• [EXERCISE PROMPT] Take from the entries below the stretch from the line with "Wonder Foods Coconut" through the line with "Shop Gucci Dotted Suit In Blue", and return it exactly, leaving the pictures out.

• [RECORD EXTRACTS]
______

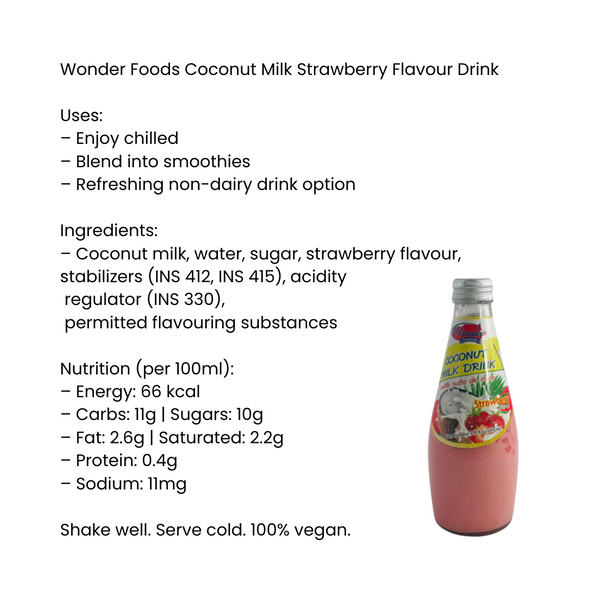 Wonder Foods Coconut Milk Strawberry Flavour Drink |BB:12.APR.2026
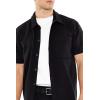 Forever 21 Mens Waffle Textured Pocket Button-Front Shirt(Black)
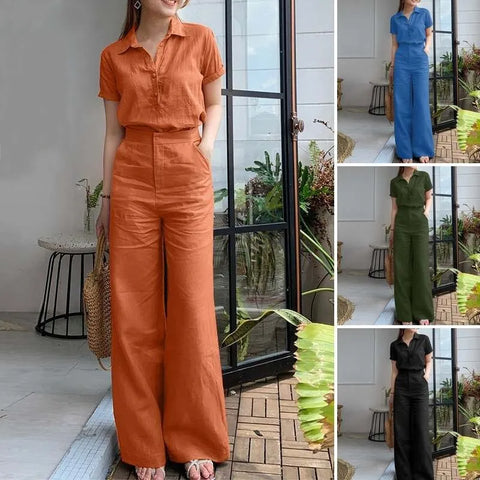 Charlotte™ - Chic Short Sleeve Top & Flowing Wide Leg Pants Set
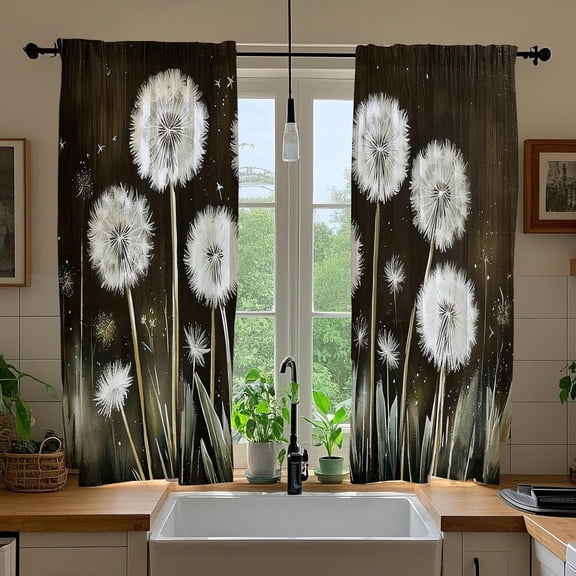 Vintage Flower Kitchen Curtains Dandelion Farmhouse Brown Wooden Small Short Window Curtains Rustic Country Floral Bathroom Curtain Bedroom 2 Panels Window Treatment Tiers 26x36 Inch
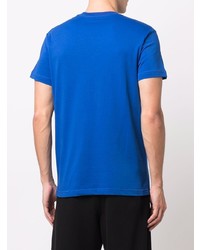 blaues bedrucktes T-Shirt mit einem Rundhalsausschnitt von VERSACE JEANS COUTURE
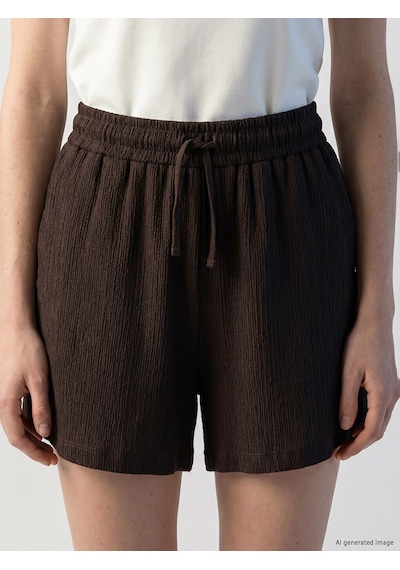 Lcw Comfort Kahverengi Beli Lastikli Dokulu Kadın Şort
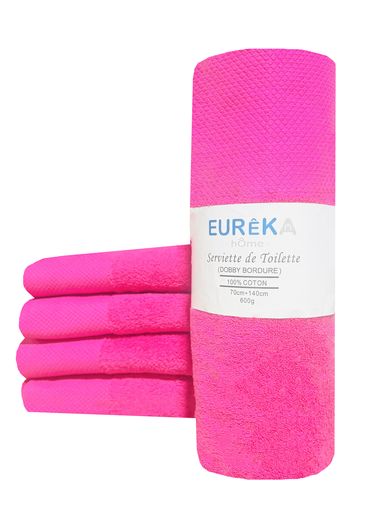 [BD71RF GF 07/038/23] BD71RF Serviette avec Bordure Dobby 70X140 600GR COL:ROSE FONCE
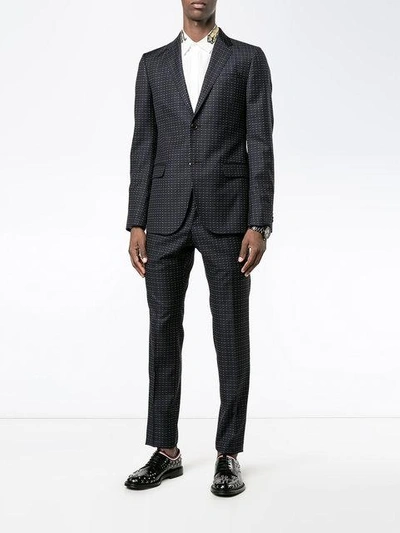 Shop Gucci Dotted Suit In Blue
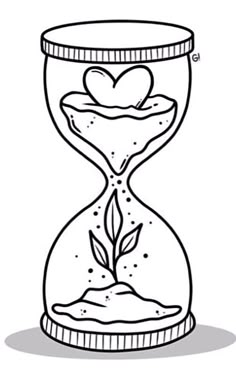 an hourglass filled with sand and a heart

______

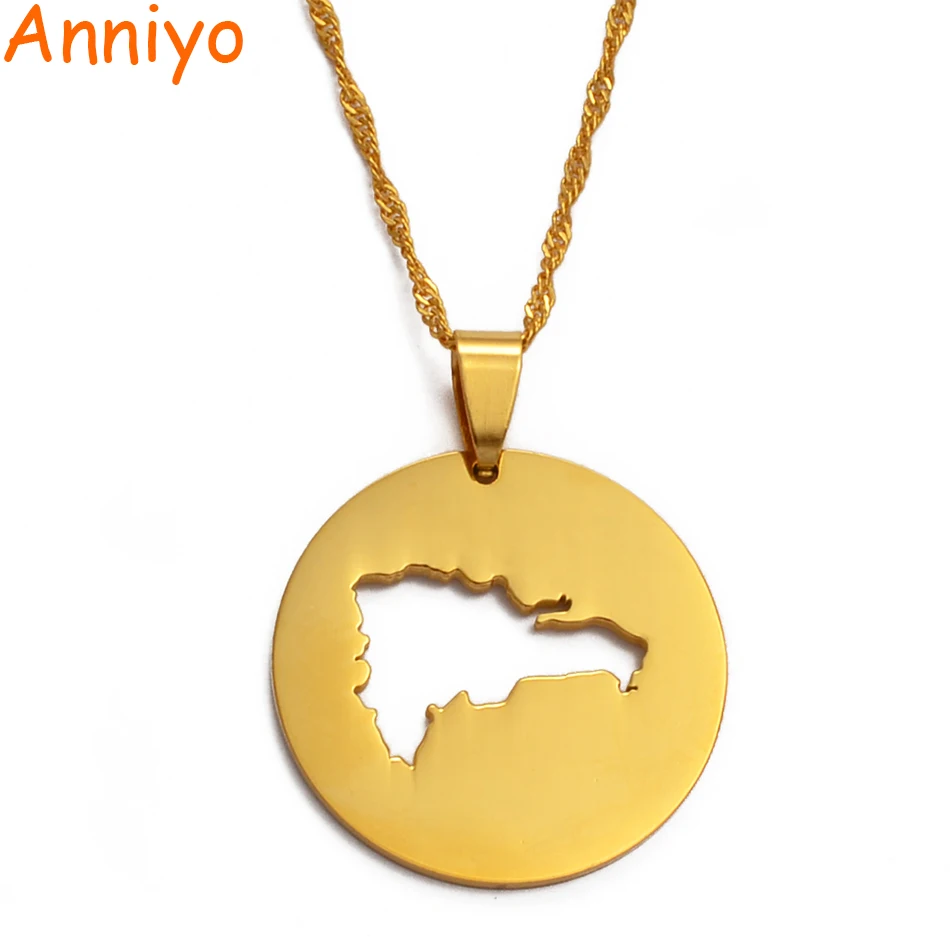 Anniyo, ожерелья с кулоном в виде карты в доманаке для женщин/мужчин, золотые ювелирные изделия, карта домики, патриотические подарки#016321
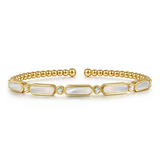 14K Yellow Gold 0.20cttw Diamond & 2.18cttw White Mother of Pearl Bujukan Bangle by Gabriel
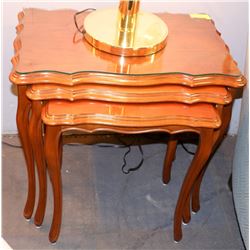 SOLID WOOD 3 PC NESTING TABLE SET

______

• [SOLVED PROBLEM]
 Wonder Foods Coconut Milk Strawberry Flavour Drink |BB:12.APR.2026
 Forever 21 Mens Waffle Textured Pocket Button-Front Shirt(Black)
 Charlotte™ - Chic Short Sleeve Top & Flowing Wide Leg Pants Set
 Vintage Flower Kitchen Curtains Dandelion Farmhouse Brown Wooden Small Short Window Curtains Rustic Country Floral Bathroom Curtain Bedroom 2 Panels Window Treatment Tiers 26x36 Inch
 blaues bedrucktes T-Shirt mit einem Rundhalsausschnitt von VERSACE JEANS COUTURE
 Lcw Comfort Kahverengi Beli Lastikli Dokulu Kadın Şort
 [BD71RF GF 07/038/23] BD71RF Serviette avec Bordure Dobby 70X140 600GR COL:ROSE FONCE
 Shop Gucci Dotted Suit In Blue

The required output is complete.